Music streaming platform Spotify has no plans to completely ban content created by artificial intelligence (AI) despite removing a song featuring AI-cloned voices earlier this year, according to its chief executive.
However, he stressed there are "valid uses" of AI when it comes to making music, such as for auto-tune, which alters pitch in vocal and instrumental music recordings.
The Spotify boss noted that while the platform will not roll out an outright ban on AI-created content, the technology must not be used to directly impersonate human artists without their consent.
Spotify already does not allow its content to be used to train a machine learning or AI model, according to the BBC. It does, however, use machine learning to generate recommended audio content and playlists for users and to optimize algorithms, among other things.

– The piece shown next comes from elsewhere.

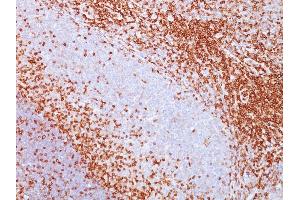 Formalin-fixed, paraffin-embedded human spleen stained with CD43 Mouse Monoclonal Antibody (SPN/839). (CD43 抗体)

Speaking of the challenges the music industry is facing amid the increased use of AI technology, Mr. Ek said the situation is likely going to be "tricky."
Spotify Removes AI-Made Song"You can imagine someone uploading a song, claiming to be Madonna, even if they're not. We've seen pretty much everything in the history of Spotify at this point with people trying to game our system," Mr. Ek said.
"We have a very large team that is working on exactly these types of issues," he added.
Mr. Ek's comments come after Spotify in April removed an AI-cloned song replicating performers Drake and The Weeknd following a complaint from music label Universal Music Group (UMG).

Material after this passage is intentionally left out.